The White House Your Daily Snapshot for
Wednesday, Dec. 7, 2011
 

"In America, We Are Greater Together"

Yesterday, a little more than a century after Teddy Roosevelt outlined a vision for a "New Nationalism" in Osawatomie, Kansas, President Obama visited the same community. The President spoke about what he called a make-or-break moment for the middle class, and laid out his view for the country:

It is a view that says in America we are greater together -- when everyone engages in fair play and everybody gets a fair shot and everybody does their fair share.
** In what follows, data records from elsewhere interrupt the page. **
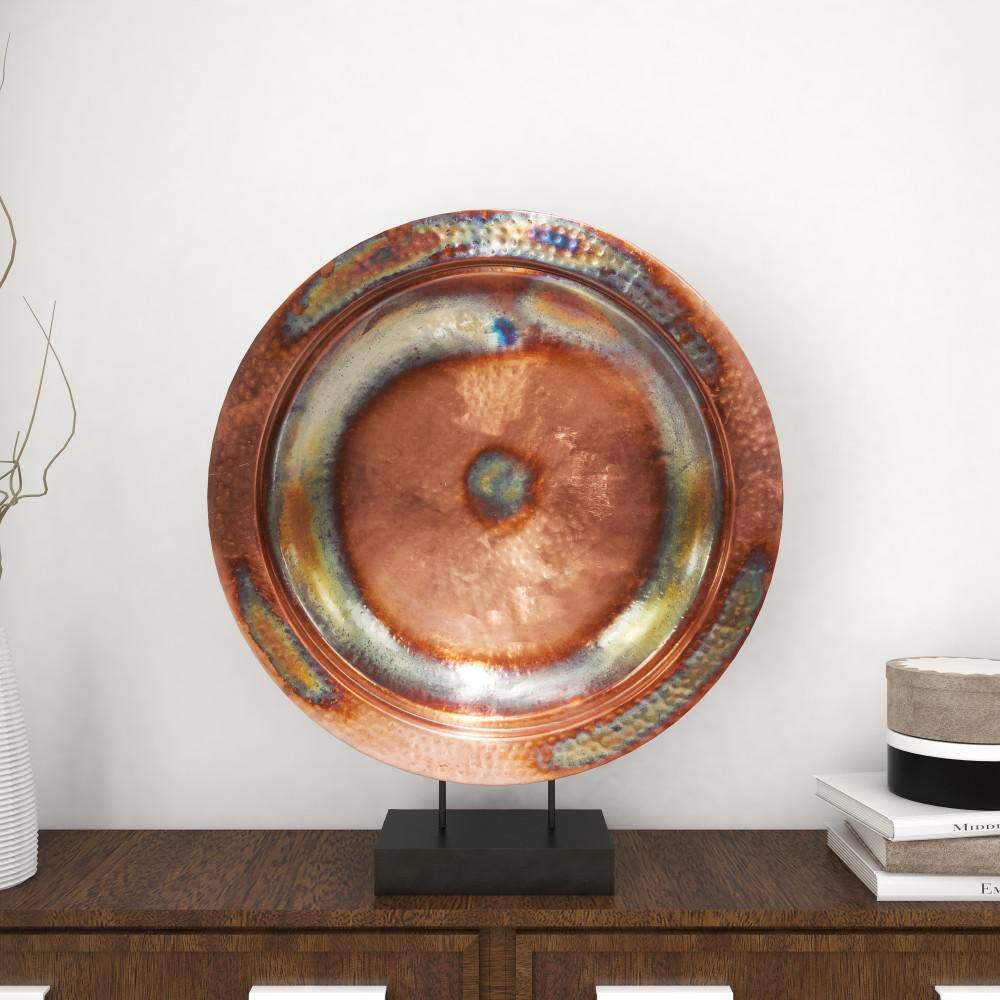 Copper Round Geometric Sculpture with Black Stand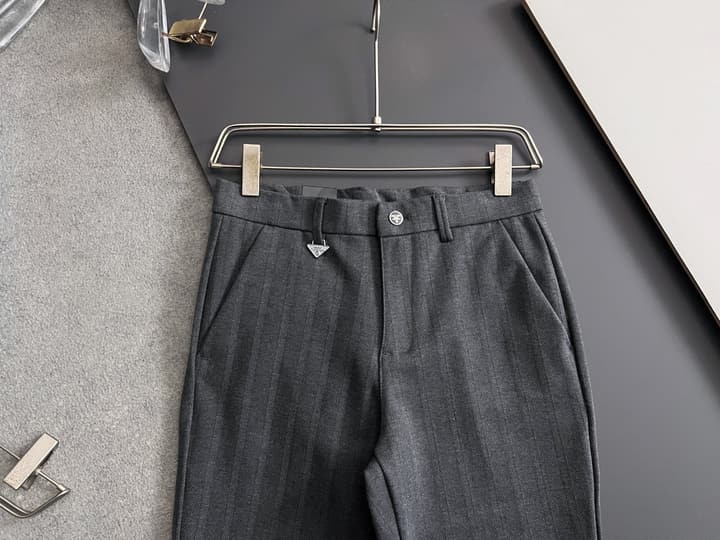 Prada Men's Cashmere Casual Trousers – 2025 Collection in Charcoal Gray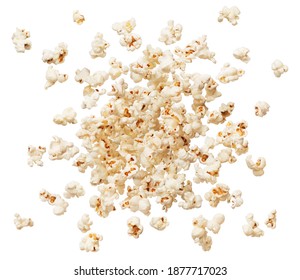 popcorn explode or splashing against white background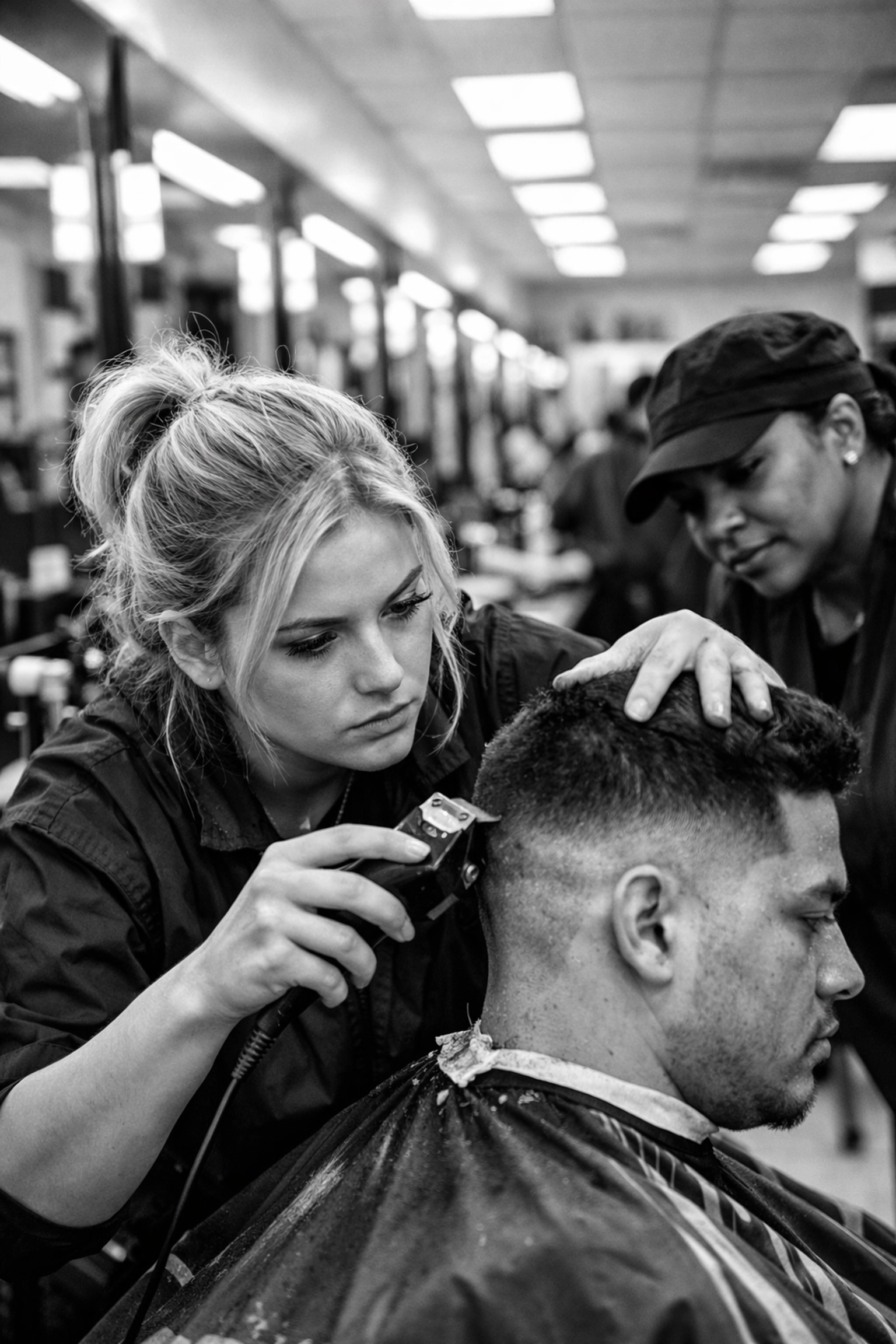 X-Quisite Cutz student performing a precision fade haircut in a supervised school setting.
Watch the video and see the full speech.

Photo of the Day

President Barack Obama waves to people gathered along the motorcade route from Osawatomie High School to Osawatomie-Paola Municipal Airport in Osawatomie, Kan., Dec. 6, 2011. (Official White House Photo by Pete Souza)

In Case You Missed It

Here are some of the top stories from the White House blog:

Judicial System Continues to Fall Victim to Republican Obstruction
Yesterday, Republicans in the United States Senate blocked Caitlin Halligan’s nomination to serve on the U.S. Court of Appeals for the District of Columbia Circuit. She had been nominated to fill the 9th seat on this 11-seat court – which is now more than a quarter vacant – and yesterday’s filibuster is unwarranted and irresponsible.

Meeting with Lady Gaga on Inclusion and Equality for Our Young People
Valerie Jarrett meets with Lady Gaga to discuss working together to make sure that no child is bullied, regardless of his or her race, sexual orientation, gender identity, or any other factor.

What a Fair Shot at Success Means
In the state where his mother was born, President Obama made an argument about laying a new foundation for broad-based prosperity in America.

Today's Schedule

All times are Eastern Standard Time (EST).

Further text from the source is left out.